Gorgeously patterned, luxurious draperies and matching carpets, elegantly understated wall-coverings, Chinoiserie cabinets, attractive beige/blue color schemes, grand marble bathrooms with Art Deco wood detailing…all the frippery of a great classical luxury hotel is represented in the Mandarin Oriental’s gorgeously styled rooms. Yet they feel startlingly modern and unfussy at the same time.
But the location of the hotel plays a major role in the unique appeal of these singularly luxurious sleeping chambers. Those facing front take in a tableaux of the neo-classical majesty that is amongst DC’s great architectural boasts; but others have ethereal views of the might Potomac through generously proportioned windows. Ours also looked out onto the Jefferson Memorial—and for devoted Founding Fathers fans flush with cash, the Oriental Suite offers a particularly striking view of the stately monument.
Since our visit coincided with the holidays, the lobby was glimmering with seasonal sparkle, mostly due to a particularly grand Christmas tree standing at center. But the rotunda style design made for excellent energy and accidental encounters—while the gorgeously patterned marble floor and dramatic circular ceiling can be said to make every entrance a grand one. (Plan to sashay in like a movie star, if at all possible.)
Later, with our Friday afternoon brains having shut down after a week of far too many stressful business dealings, we decided to join the afternoon tea time in the very chic Empress Lounge, a nearly perfect hotel bar, with Asian-accented furnishings, and tall windows offering garden views (there are terrace tables in spring and summer). We skipped the tea service—though it looked temptingly decadent—and opted instead for a delicious Tom Kha-Rita cocktail, with Patron Silver, Cointreau, Galangal-Chili-Ginger Syrup Lime Juice and cucumber. It was an experience that was really just the height of DC sophistication, with excellent people watching to match.
Amity & Commerce
Just as how in European luxury hotels, you can judge quite a bit by the quality of the club sandwich served in the lounge (or otherwise obtained via room service), in a posh American hotel restaurant, we always recommended considering the classic steak frites. And that’s precisely what we gravitated to on the menu at Amity & Commerce, the Mandarin Oriental’s theatrical new bistro and bar.
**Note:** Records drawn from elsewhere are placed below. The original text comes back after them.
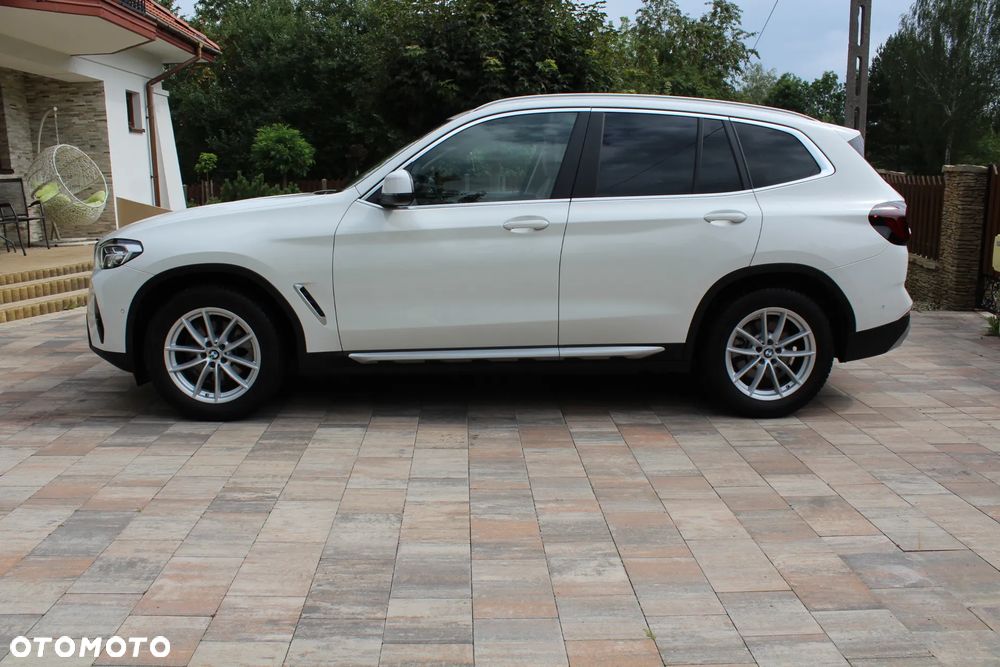 BMW X3 xDrive20i - 3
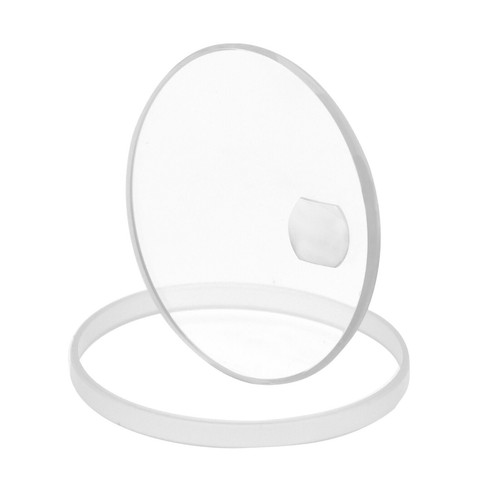 Sapphire crystal 295 for - crystal, 25-295-c1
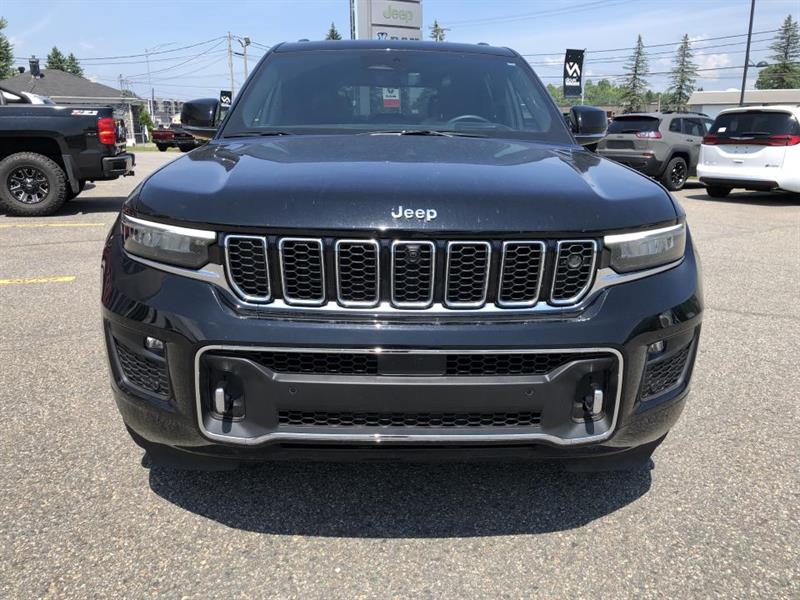 jeep Grand Cherokee 4xe 2023 - 2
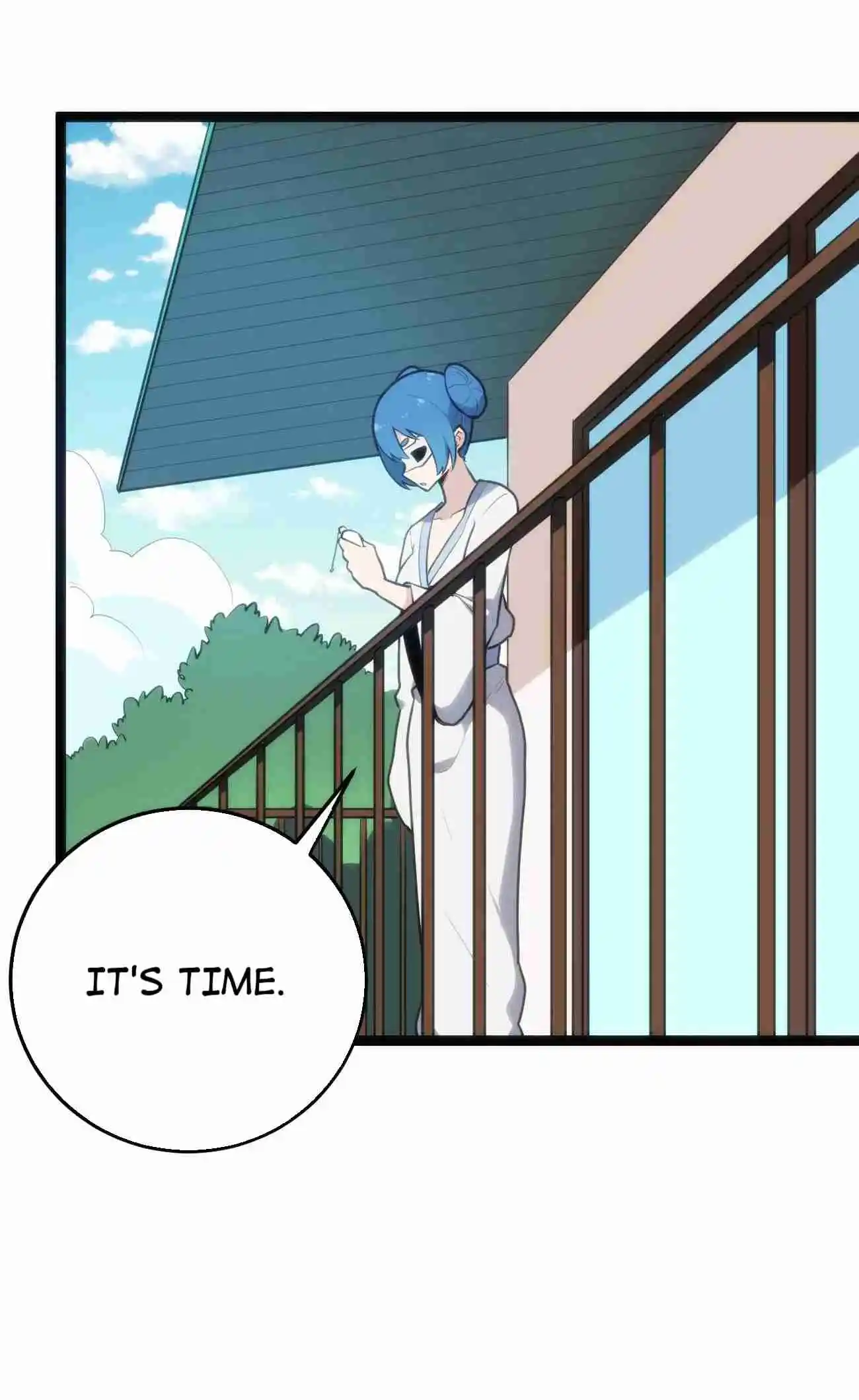 The Saintess has a Showdown Chapter 123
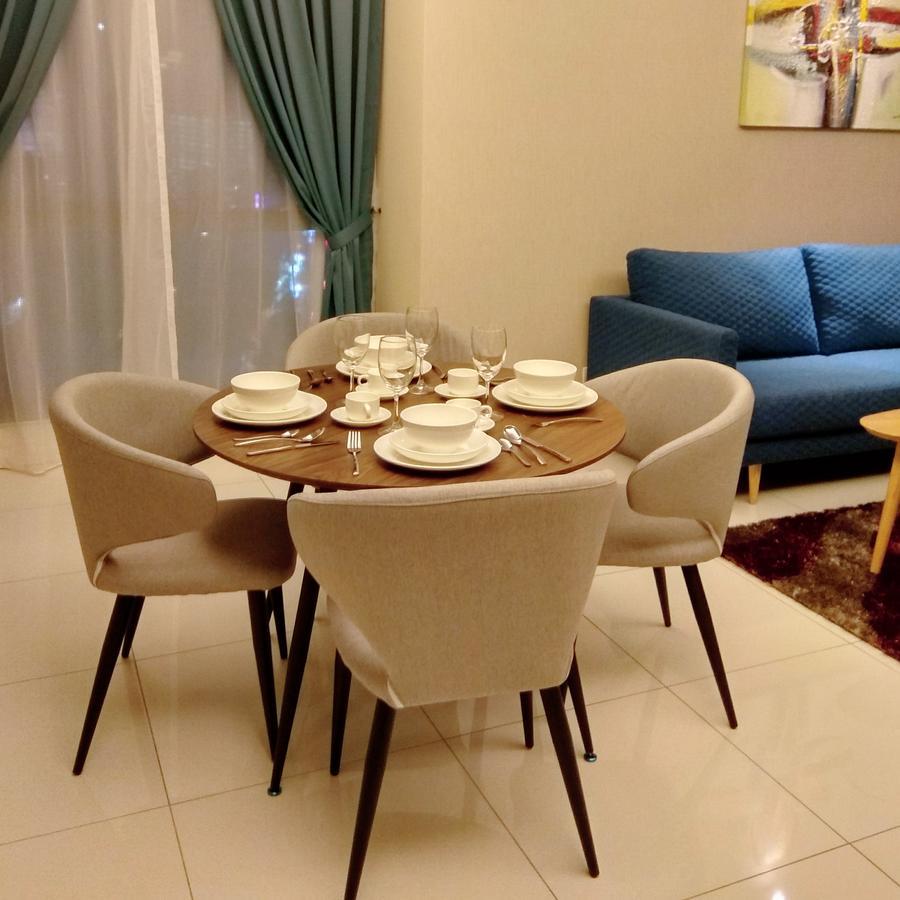 Dingdong Bukit Bintang Luxury Suites,3Mi To Pavlion Mall Kuala Lumpur Exteriör bild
As soon as we walked in, there was the sense of drama, with soaring ceilings, elegant color schemes and spectacular lighting fixtures. And though it had a decidedly more contemporary feel than many DC five-star hotel restaurants, the name itself nods to Thomas Jefferson’s 1778 treaty which linked France and America.
We started with one of our current obsessions, the duck liver parfait with port gelée and thick slabs of toasted brioche, which was one of the best we could remember—and we eat a lot of it. Though the restaurant’s regular bread was so good, we had to summon all of our willpower not to fill up on it (order some to go, for a midnight indulgence back in your room). Overall, the menu was very of the moment, with baby kale & beets salad, tamarind glazed Angus short rib, pan seared diver scallops, as well as artisanal cheese and charcuterie plates. Our 8 oz. teres major steak was an incredibly flavorful cut, perfect for your monthly beef splurge, served with yukon fries, with bordelaise sauce. And well, they mixed a sublime dirty martini—not as easy as it sounds.
Combined with an after dinner brandy in the Empress Lounge, Amity & Commerce is genuinely one of DC’s must dining destinations…in a hotel that we will absolutely be returning to.